-- Work item --
Without pictures, retype the following entries exactly.

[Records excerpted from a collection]
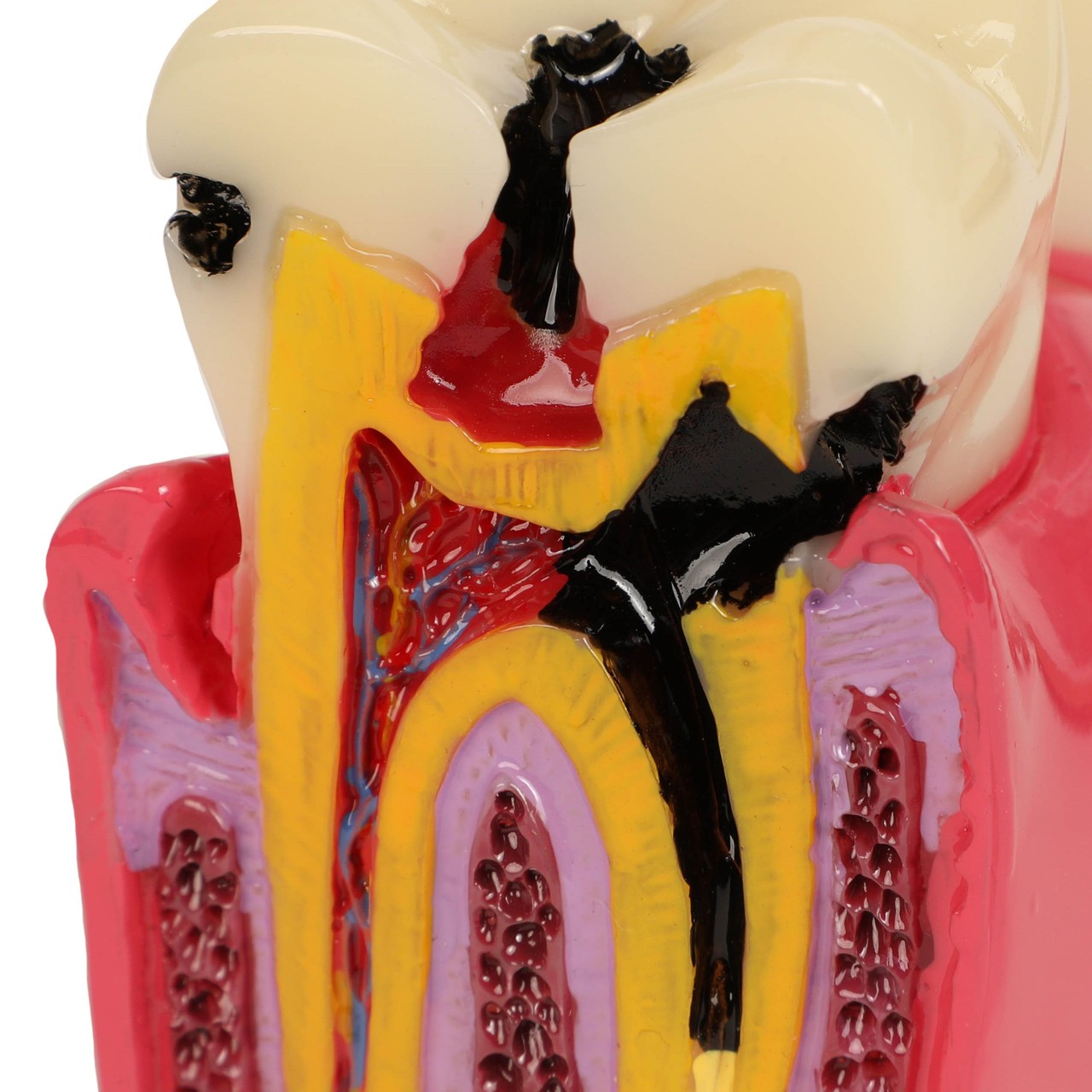 Axis Scientific Decayed Teeth Comparison Anatomy Model, 6x Life-Size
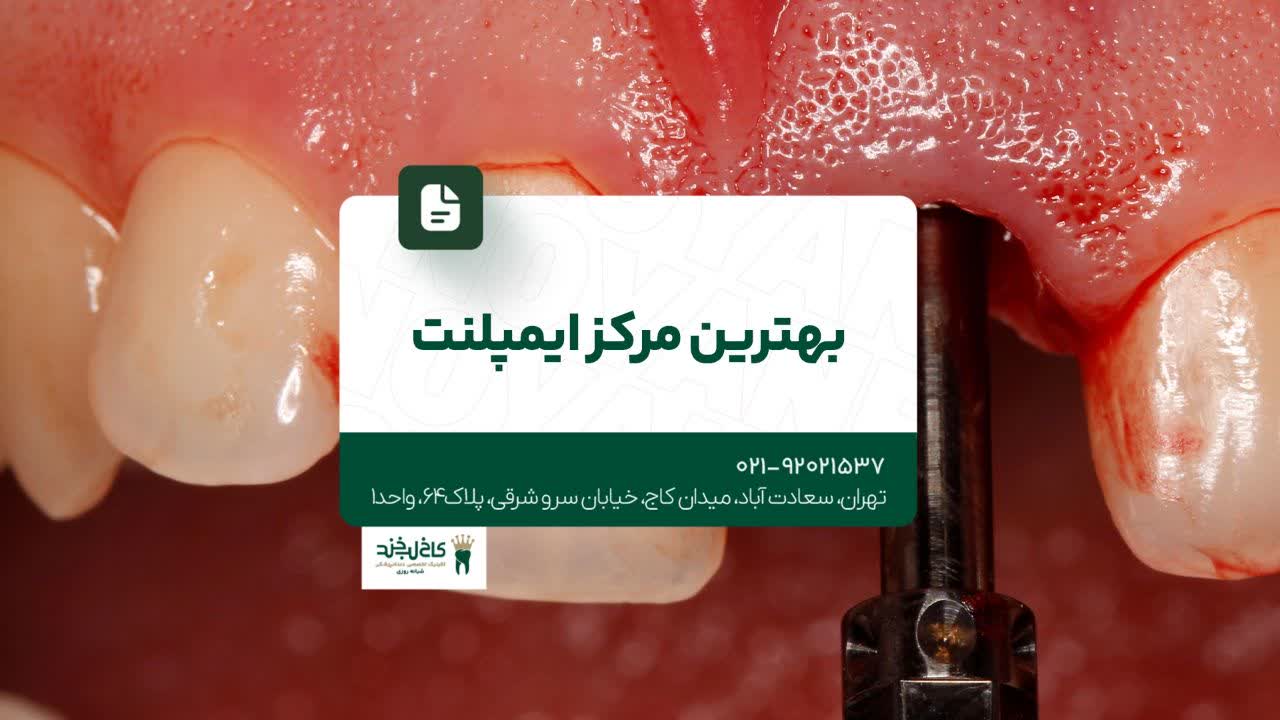 بهترین مرکز ایمپلنت بهترین مرکز ایمپلنت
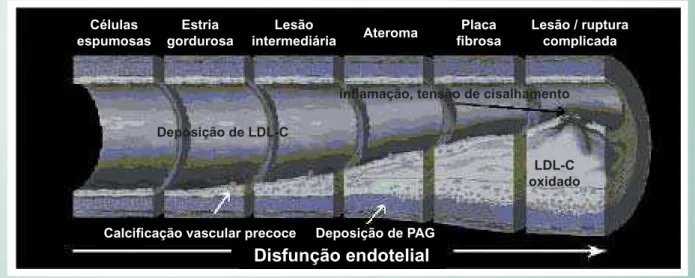 Fig. 5 - Pocessos relacionados com aceleração da doença coronariana e ruptura da placa em pacientes com doença renal
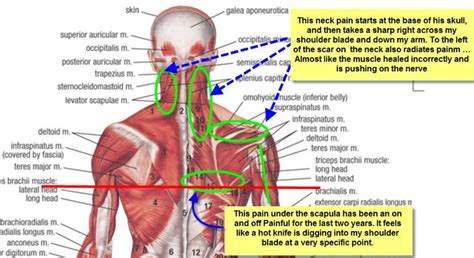 We did not find results for: Best 7 Shoulder Muscle Pain images on Pinterest | Fitness ...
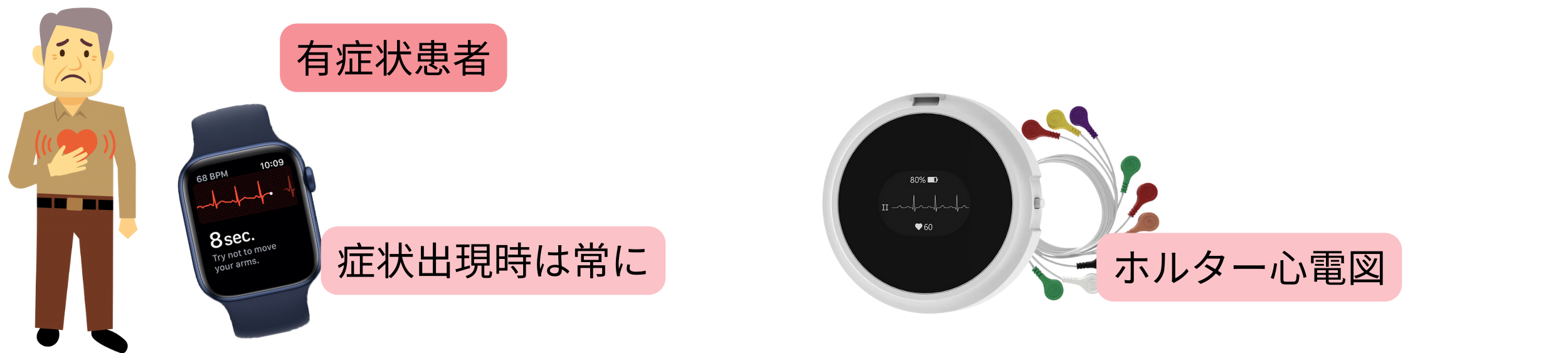 症状を有する患者において、症状出現時の心電図記録またはホルター心電図を用いた心房細動診断の模式図。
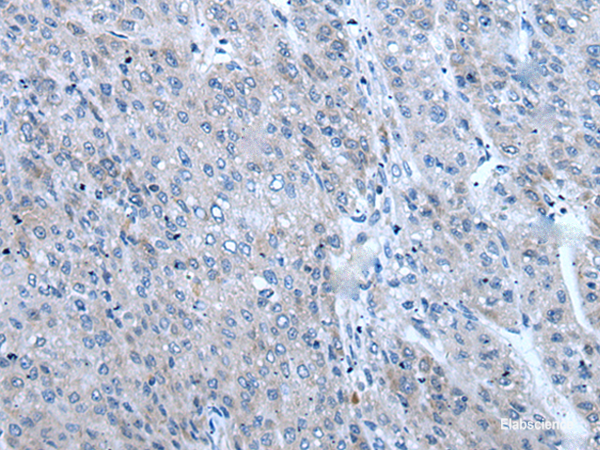 Immunohistochemistry of paraffin-embedded Human liver cancer tissue using ZIC1 Polyclonal Antibody at dilution of 1:65(×200)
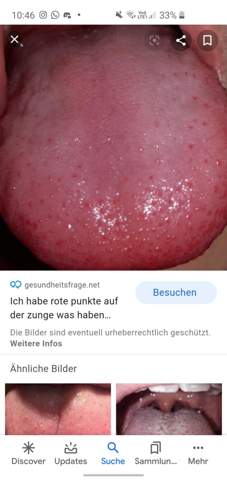 Hallo, habe seit heute solche Blschen im Mund und mach mir ein wenig Sorgen. Es brennt nix und tut auch nix weh was kann es sein? (Zunge, rote-punkte) Hallo, habe seit heute solche Blschen im Mund und mach mir ein wenig Sorgen. Es brennt nix und tut auch nix weh was kann es sein? (Zunge, rote-punkte)
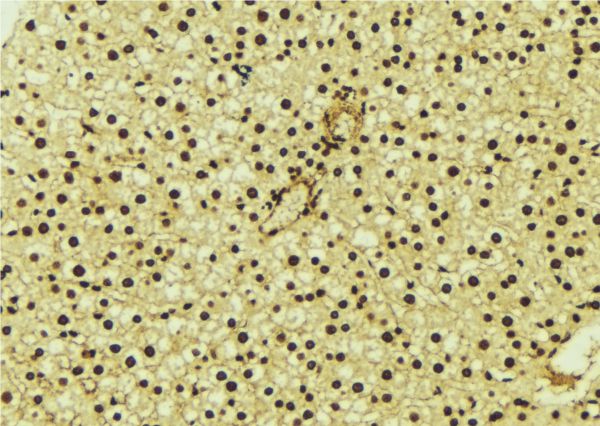 HURP / DLGAP5 Antibody - 1:100 staining mouse liver tissue by IHC-P. The sample was formaldehyde fixed and a heat mediated antigen retrieval step in citrate buffer was performed. The sample was then blocked and incubated with the antibody for 1.5 hours at 22°C. An HRP conjugated goat anti-rabbit antibody was used as the secondary.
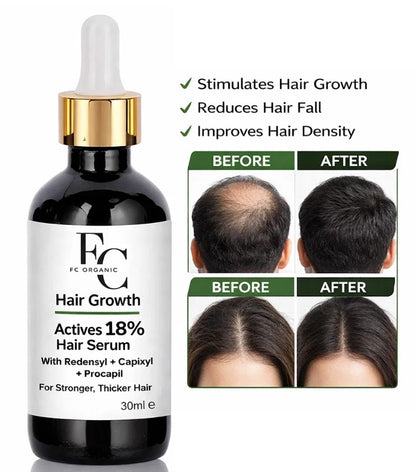 Herbal Hair Growth Serum 30ml | Rosemary & Onion Water-Based Formula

-- Output for this task --
 Axis Scientific Decayed Teeth Comparison Anatomy Model, 6x Life-Size
 بهترین مرکز ایمپلنت بهترین مرکز ایمپلنت
 Fig. 5 - Pocessos relacionados com aceleração da doença coronariana e ruptura da placa em pacientes com doença renal
 We did not find results for: Best 7 Shoulder Muscle Pain images on Pinterest | Fitness ...
 症状を有する患者において、症状出現時の心電図記録またはホルター心電図を用いた心房細動診断の模式図。
 Immunohistochemistry of paraffin-embedded Human liver cancer tissue using ZIC1 Polyclonal Antibody at dilution of 1:65(×200)
 Hallo, habe seit heute solche Blschen im Mund und mach mir ein wenig Sorgen. Es brennt nix und tut auch nix weh was kann es sein? (Zunge, rote-punkte) Hallo, habe seit heute solche Blschen im Mund und mach mir ein wenig Sorgen. Es brennt nix und tut auch nix weh was kann es sein? (Zunge, rote-punkte)
 HURP / DLGAP5 Antibody - 1:100 staining mouse liver tissue by IHC-P. The sample was formaldehyde fixed and a heat mediated antigen retrieval step in citrate buffer was performed. The sample was then blocked and incubated with the antibody for 1.5 hours at 22°C. An HRP conjugated goat anti-rabbit antibody was used as the secondary.
 Herbal Hair Growth Serum 30ml | Rosemary & Onion Water-Based Formula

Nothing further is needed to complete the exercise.